Learn to optimize Splunk data ingestion by using the Splunk S2S Source connector to offload data that would normally be sent to a Splunk HTTP Event Collector (HEC). The stream processing application filters for “deny” events, removes unnecessary fields to reduce message size, and sends the new, targeted set of events to Splunk for cost-effective indexing.

You can also extend this solution to intercept data from a variety of SIEM vendors and create a vendor-agnostic solution that leverages multiple tools and analytics solutions.

Run it

Setup your environment

1

Provision a Kafka cluster in Confluent Cloud.

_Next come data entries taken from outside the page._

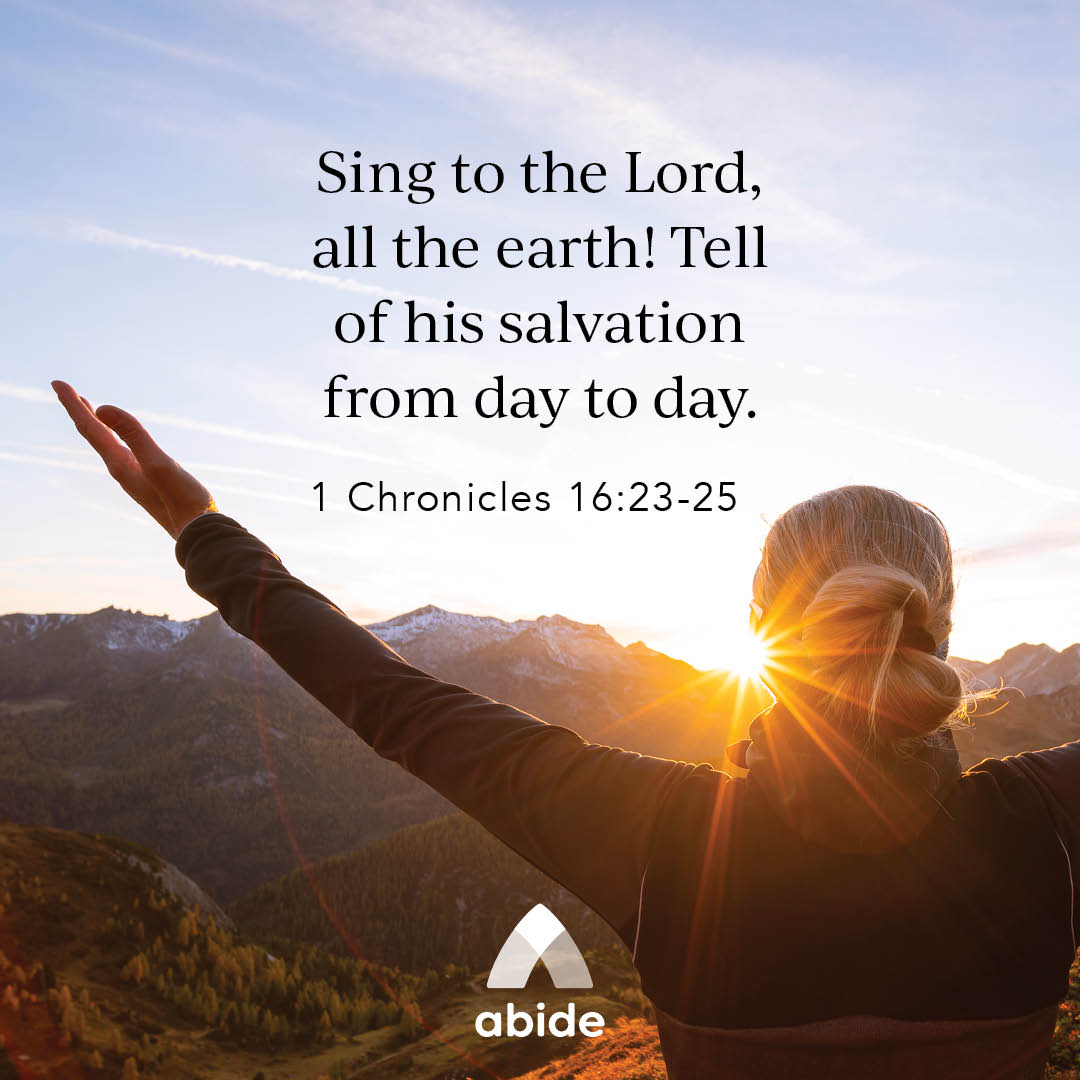 Abide Christian Meditation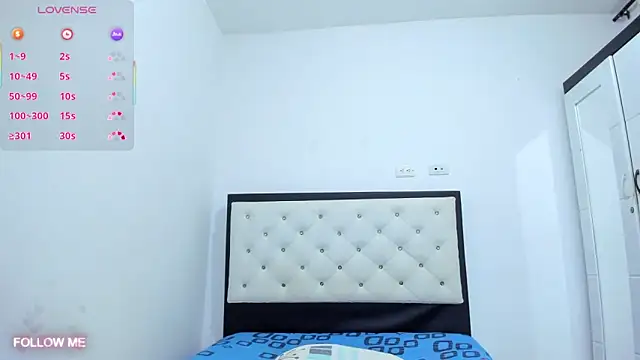 CuteLatinaxx online show from 02/21/26, 02:08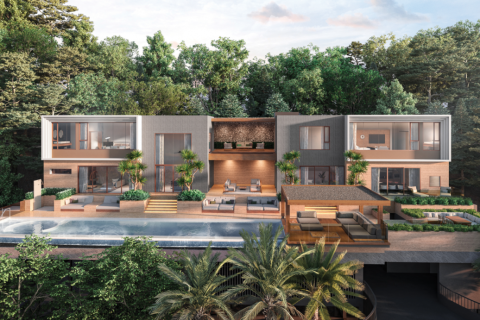 Haus auf Ao Yon Beach, Thailand 3 Schlafzimmer № 84898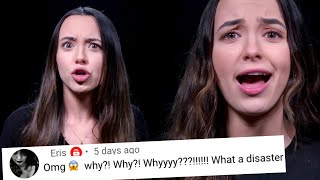 Singing Internet DRAMA  Merrell Twins [upl. by Ynnos]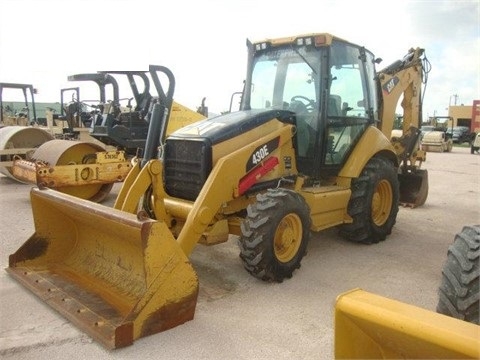 Retroexcavadoras Caterpillar 430E seminueva en venta Ref.: 1412288944615453 No. 4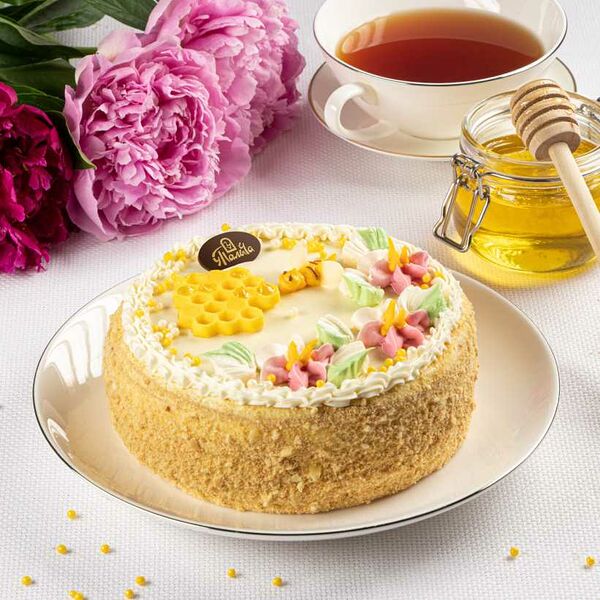 Торт Медовый 510 г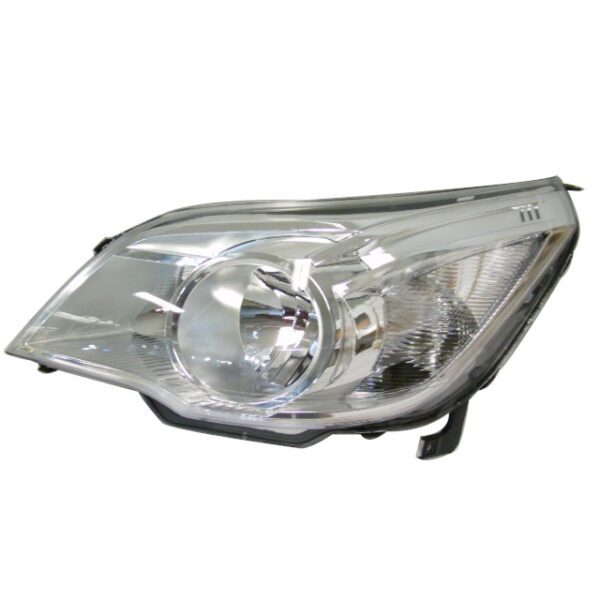 Chev Utility headlight left side 2012 - 2017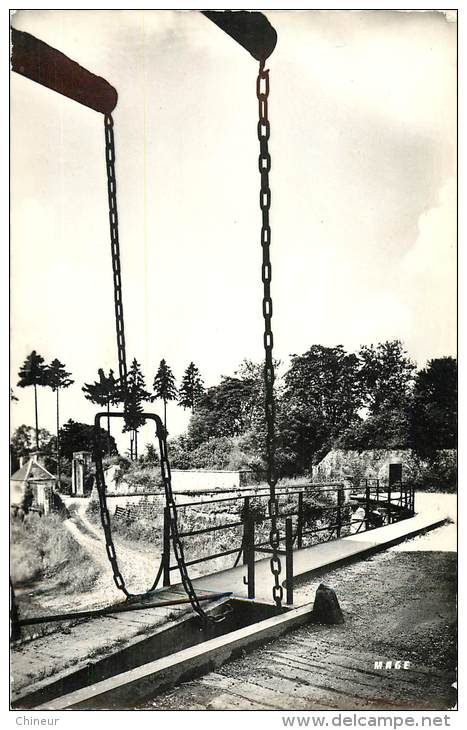 MONTMEDY HAUT PONT LEVIS - Autres & Non Classés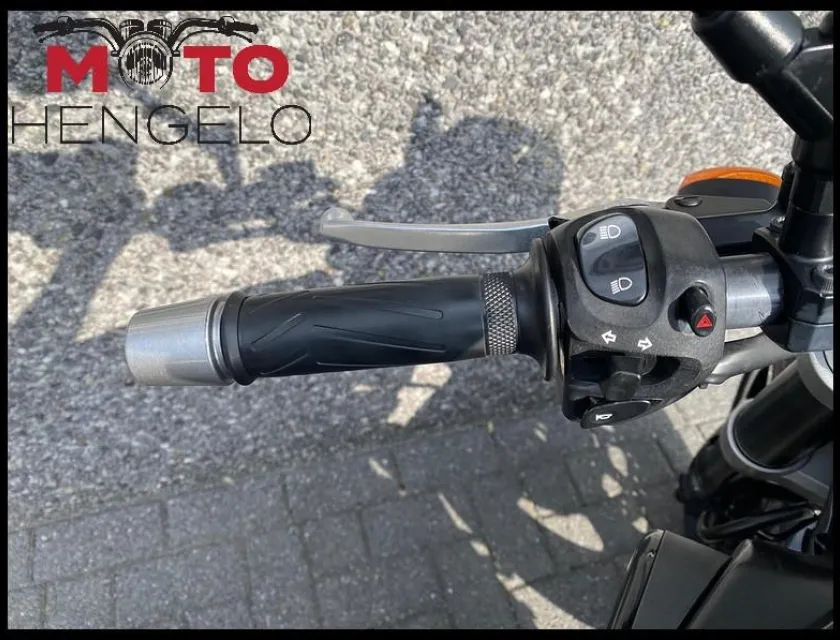 Yamaha MT-01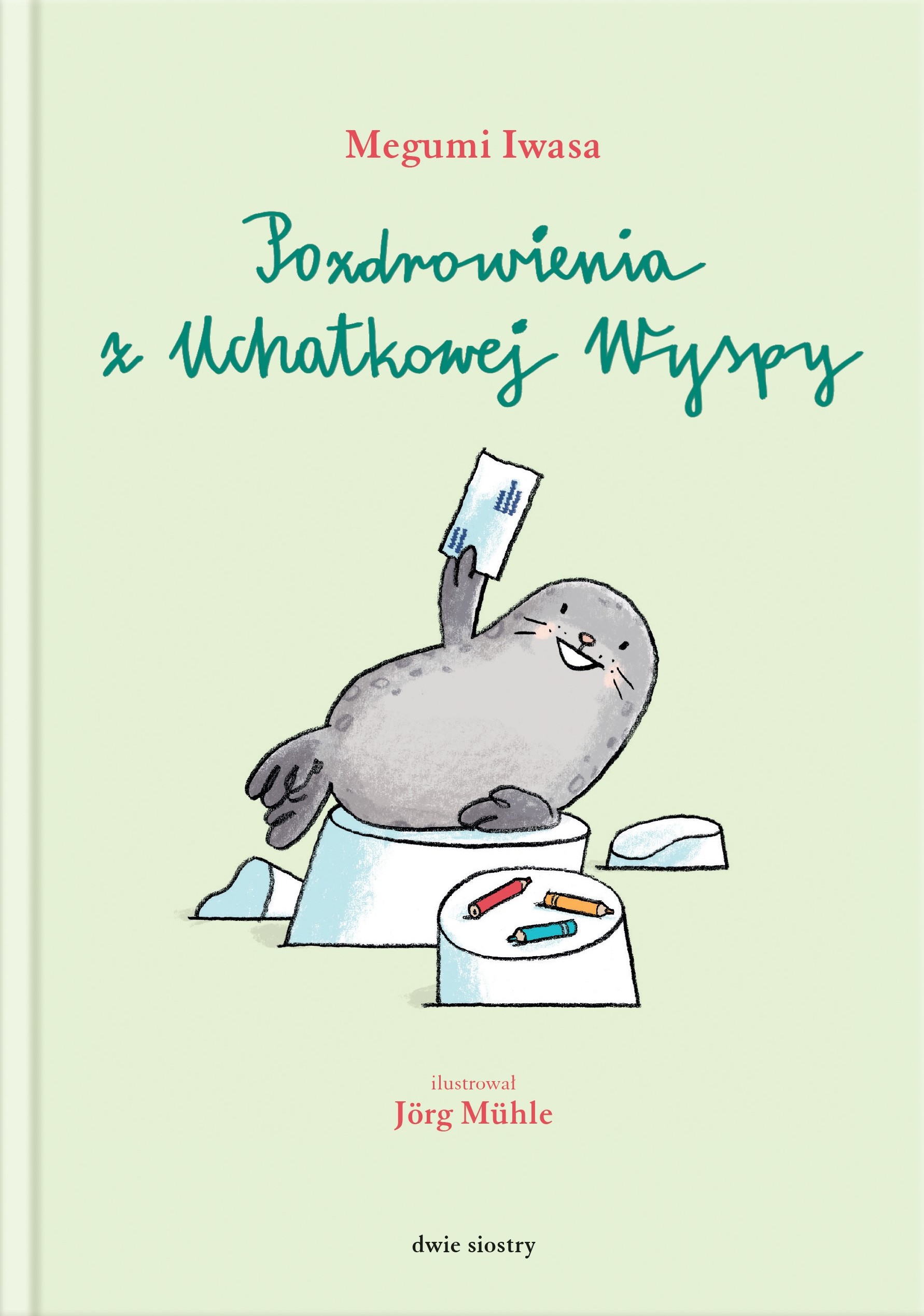 Pozdrowienia z Uchatkowej Wyspy
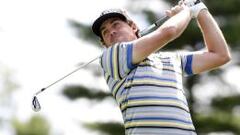 Keegan Bradley, escogido por Tom Watson para jugar la Ryder Cup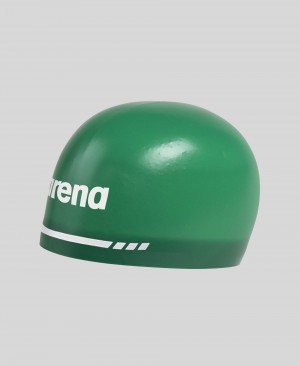 Σκουφακια Κολυμβησησ Arena 3d Soft γυναικεια πρασινο | 14626447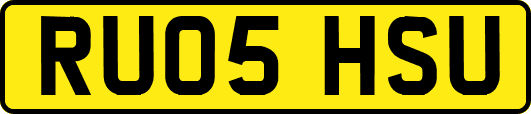 RU05HSU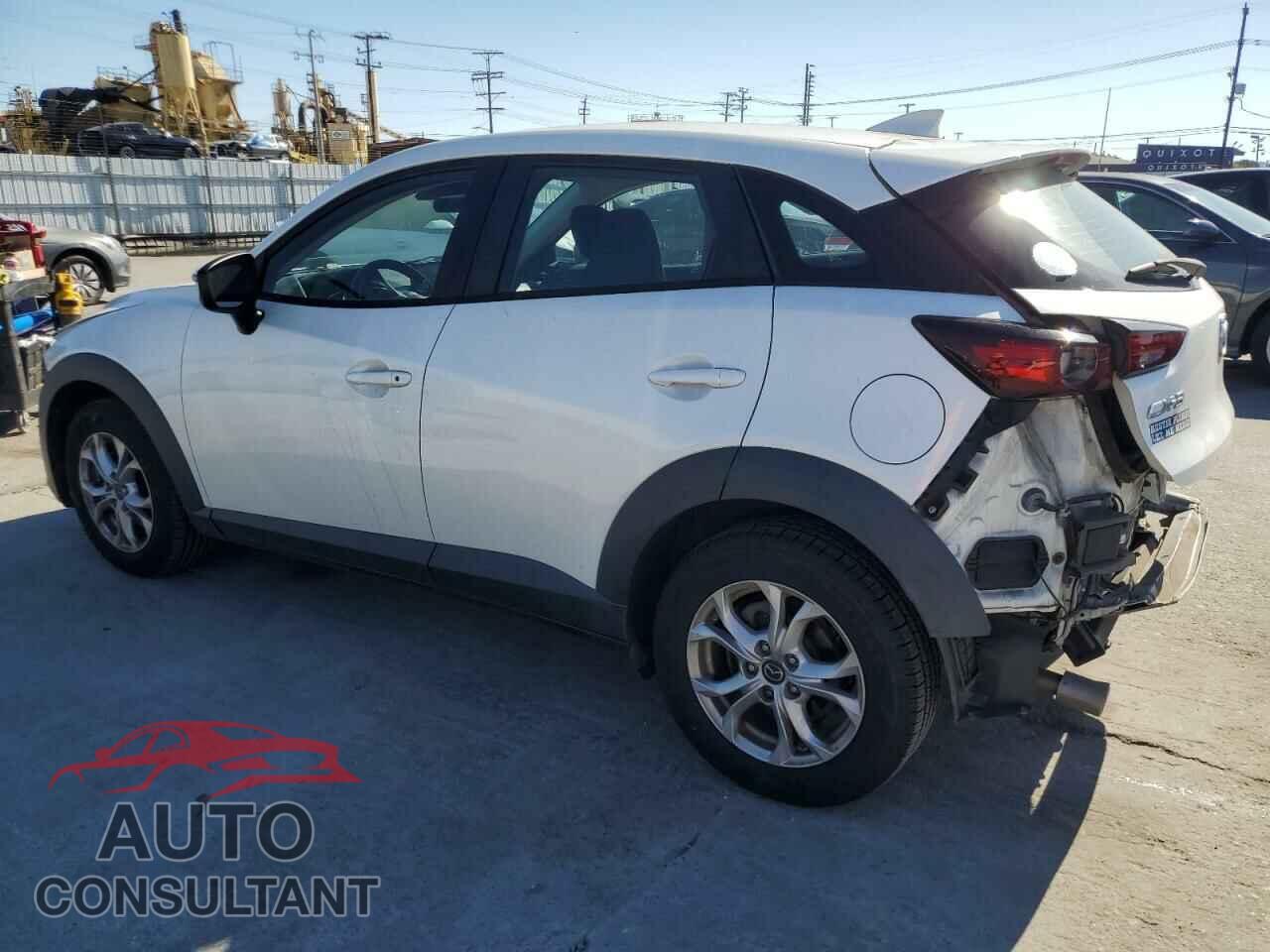 MAZDA CX-3 2019 - JM1DKDB74K1447554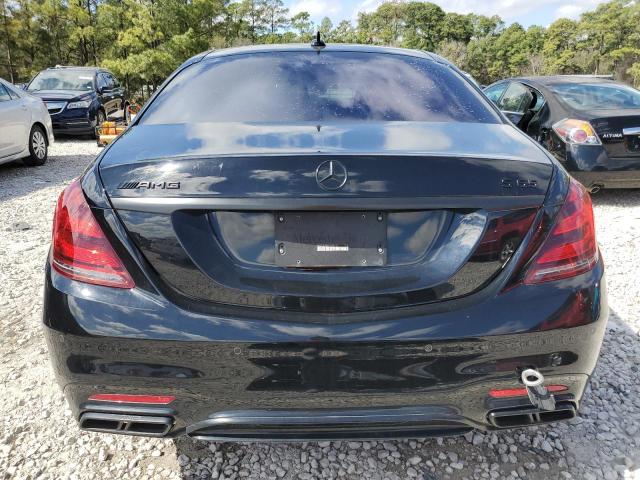WDDUG7KB6JA392410 Mercedes-Benz S 65 Amg
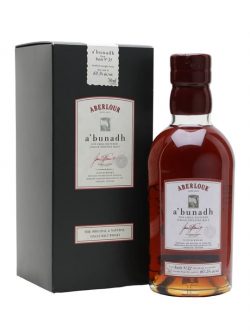Aberlour A'bunadh Batch 31 Speyside Single Malt Scotch Whisky |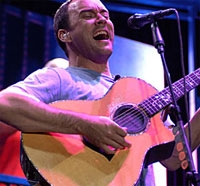 Dave Matthews Band letras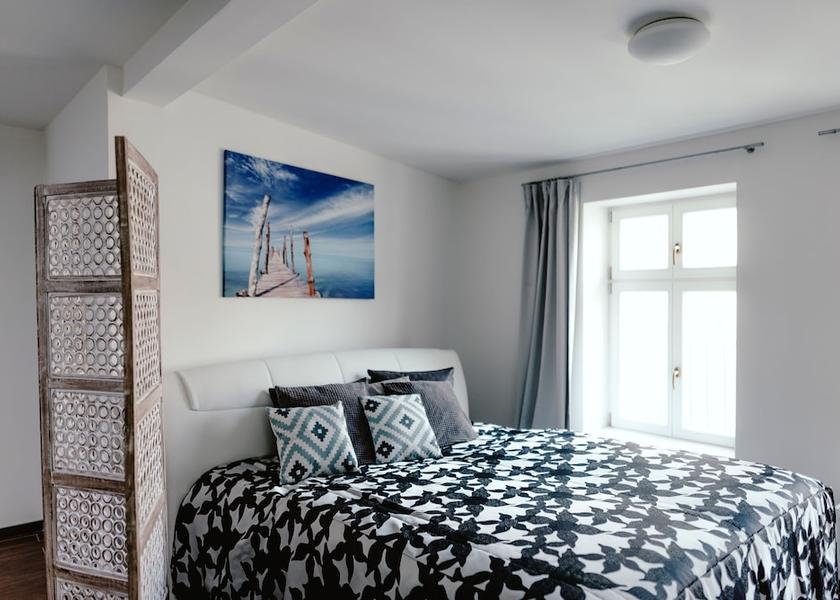 South Moravian (region) Brno Room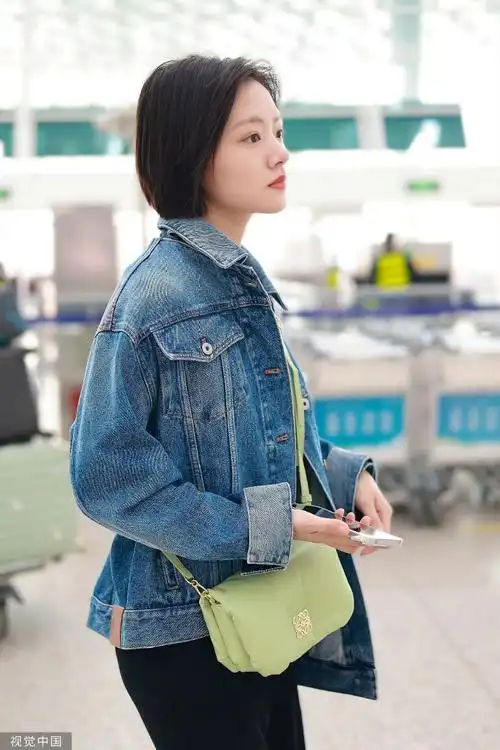 任敏私服##明星穿搭##任敏##明星同款##明星日常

Once your Confluent Cloud cluster is available, create a ksqlDB application and navigate to the ksqlDB editor to execute this tutorial. ksqlDB supports SQL language for extracting, transforming, and loading events within your Kafka cluster.

Read the data in

2

Confluent Cloud offers pre-built, fully managed connectors that make it easy to quickly connect to popular data sources and end systems in the cloud. However, if you want to stream specific events that don’t have an available connector in Confluent Cloud, you can run your own connector and send the data to your Kafka cluster. This tutorial shows how you can run your own connector locally.

If you cannot connect to a real data source with properly formatted data, or if you just want to execute this tutorial without external dependencies, no worries! After you create the ksqlDB application, insert mock data into the streams.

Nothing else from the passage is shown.